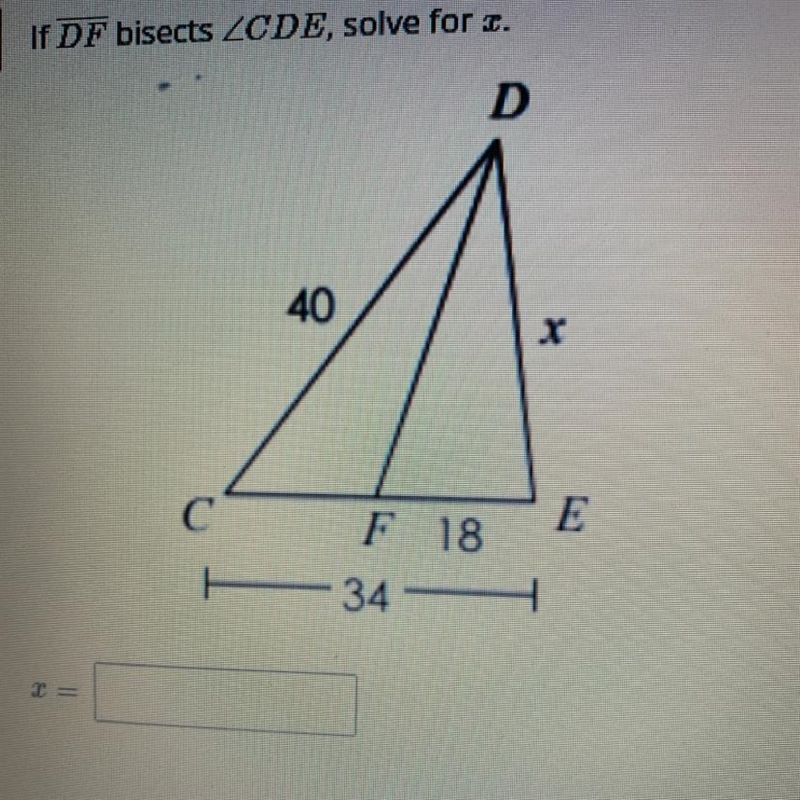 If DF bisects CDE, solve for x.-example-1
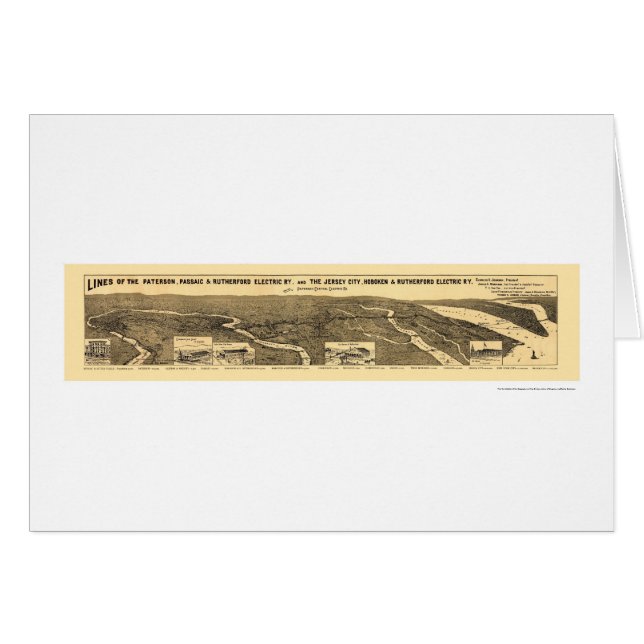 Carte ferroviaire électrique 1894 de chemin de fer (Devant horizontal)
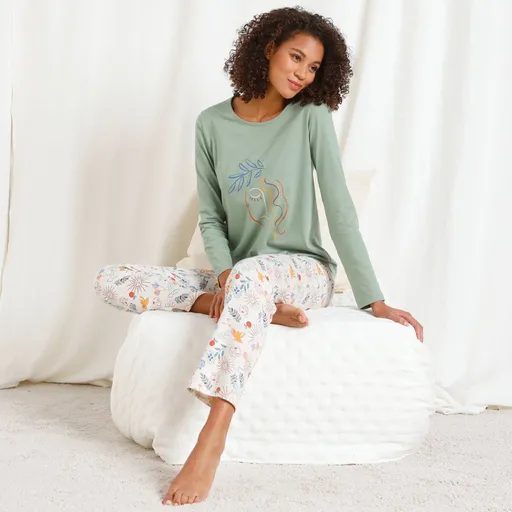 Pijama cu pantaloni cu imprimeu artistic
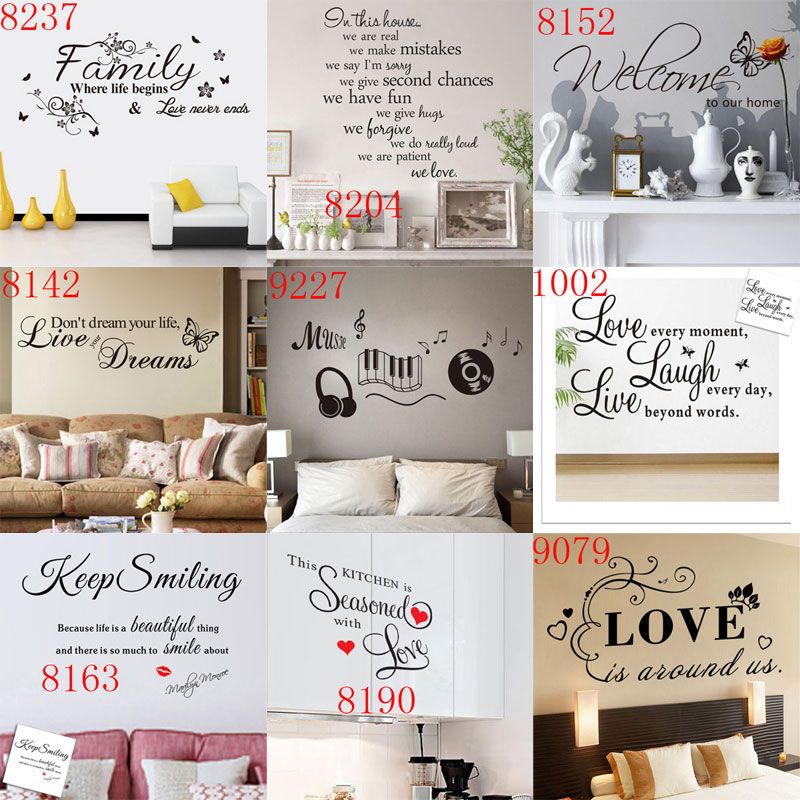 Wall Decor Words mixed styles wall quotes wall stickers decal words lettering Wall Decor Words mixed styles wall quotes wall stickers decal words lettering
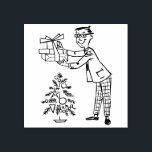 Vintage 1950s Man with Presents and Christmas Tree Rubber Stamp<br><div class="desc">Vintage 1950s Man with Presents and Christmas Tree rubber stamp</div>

----------

* Work order: The material must be returned exactly, with its pictures omitted.

* Answer section:
 If DF bisects CDE, solve for x.-example-1
 Carte ferroviaire électrique 1894 de chemin de fer (Devant horizontal)
 Pijama cu pantaloni cu imprimeu artistic
 Wall Decor Words mixed styles wall quotes wall stickers decal words lettering Wall Decor Words mixed styles wall quotes wall stickers decal words lettering
 Vintage 1950s Man with Presents and Christmas Tree Rubber Stamp<br><div class="desc">Vintage 1950s Man with Presents and Christmas Tree rubber stamp</div>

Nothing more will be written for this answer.